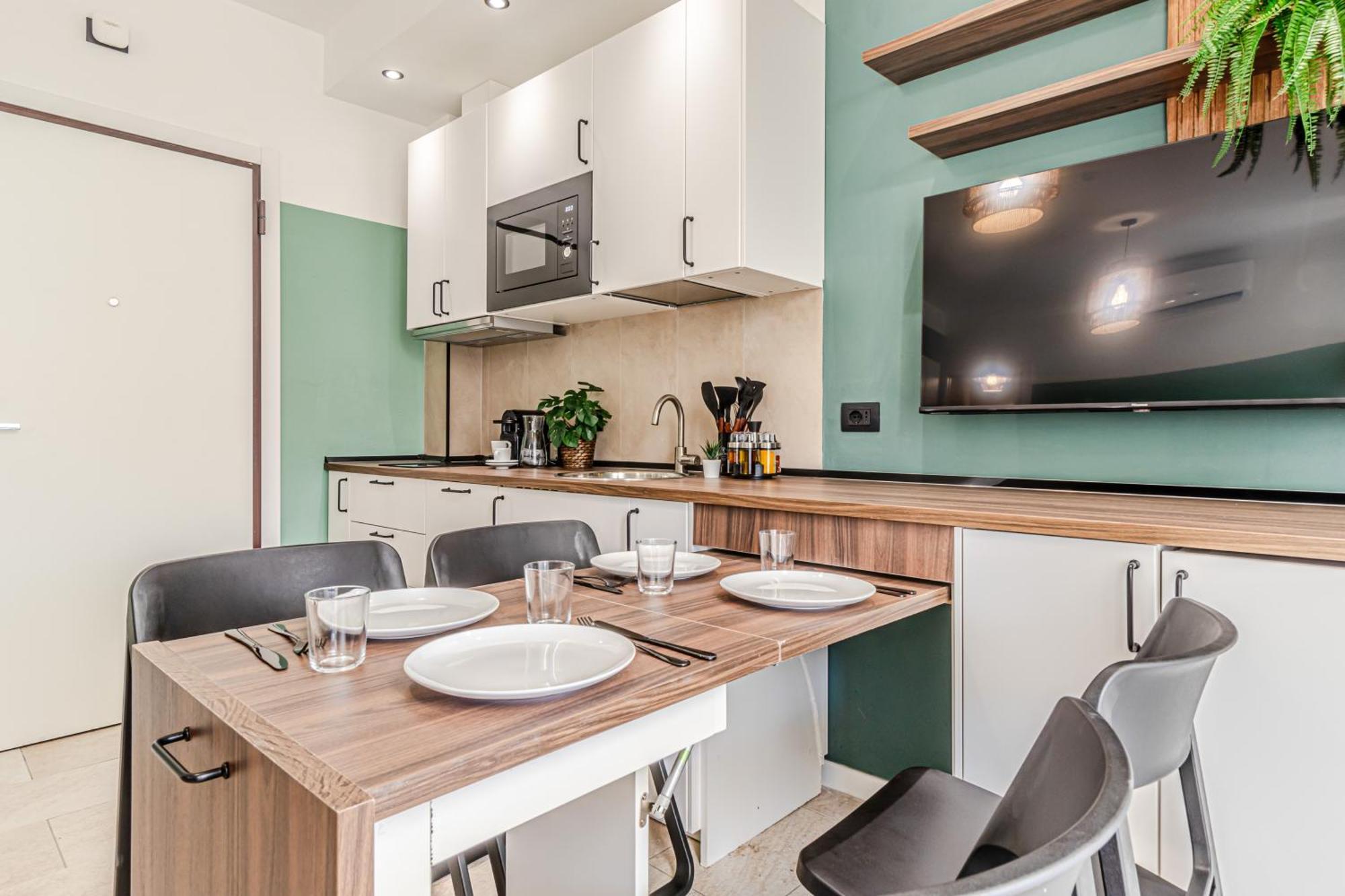 Japandi Apartment, Zona Porto Con Balcone E Jacuzzi Idromassaggio Livorno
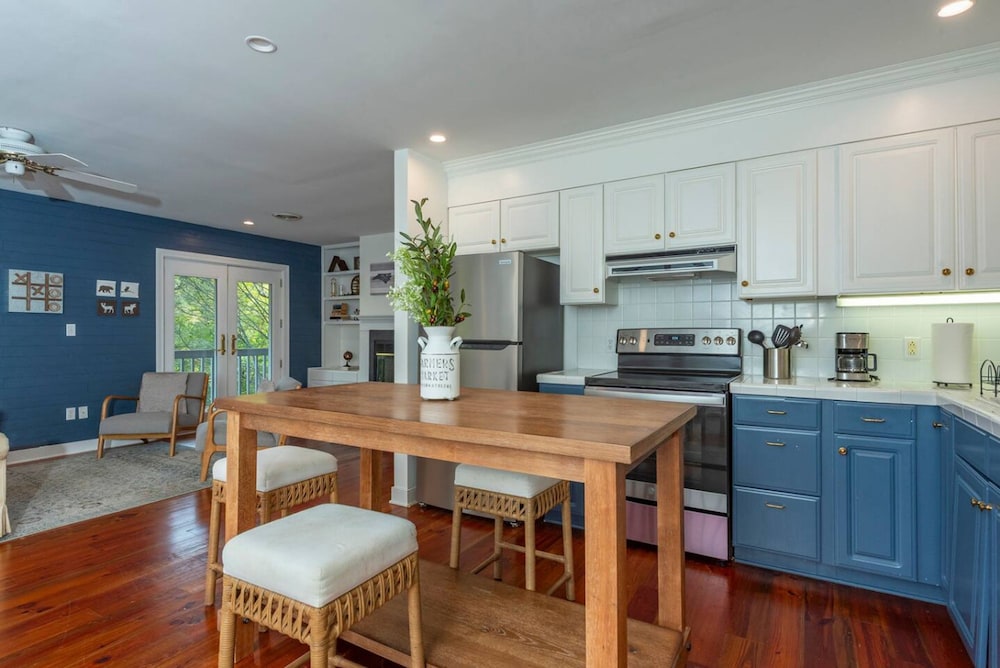 Riverfront Sanctuary Your Mountain Getaway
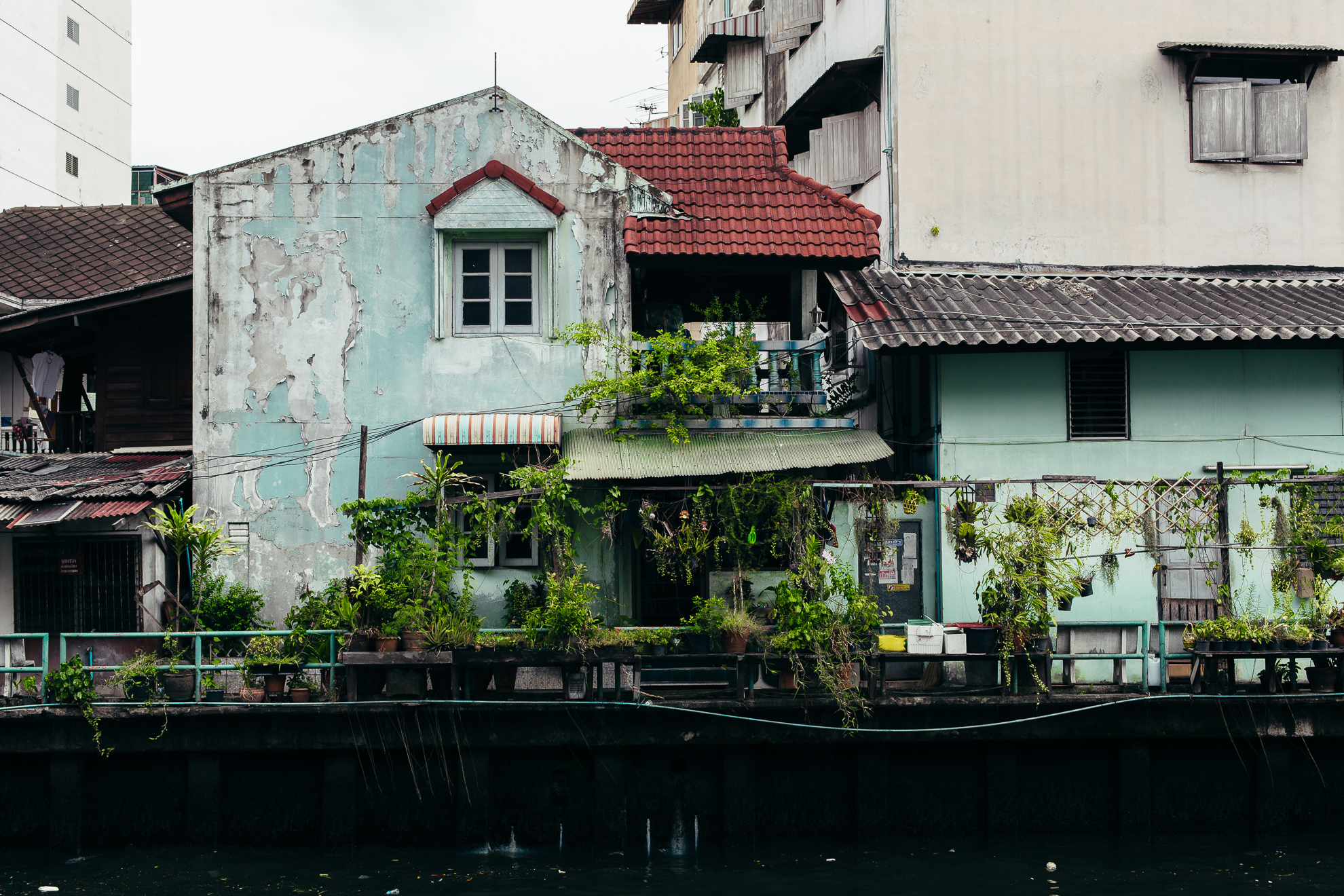 4 Best Ways To Shift Home In Rainy Season Architecture Ideas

###

Task prompt:
In the copy, keep every line of the data above exactly and drop each picture.

Task answer:
 Japandi Apartment, Zona Porto Con Balcone E Jacuzzi Idromassaggio Livorno
 Riverfront Sanctuary Your Mountain Getaway
 4 Best Ways To Shift Home In Rainy Season Architecture Ideas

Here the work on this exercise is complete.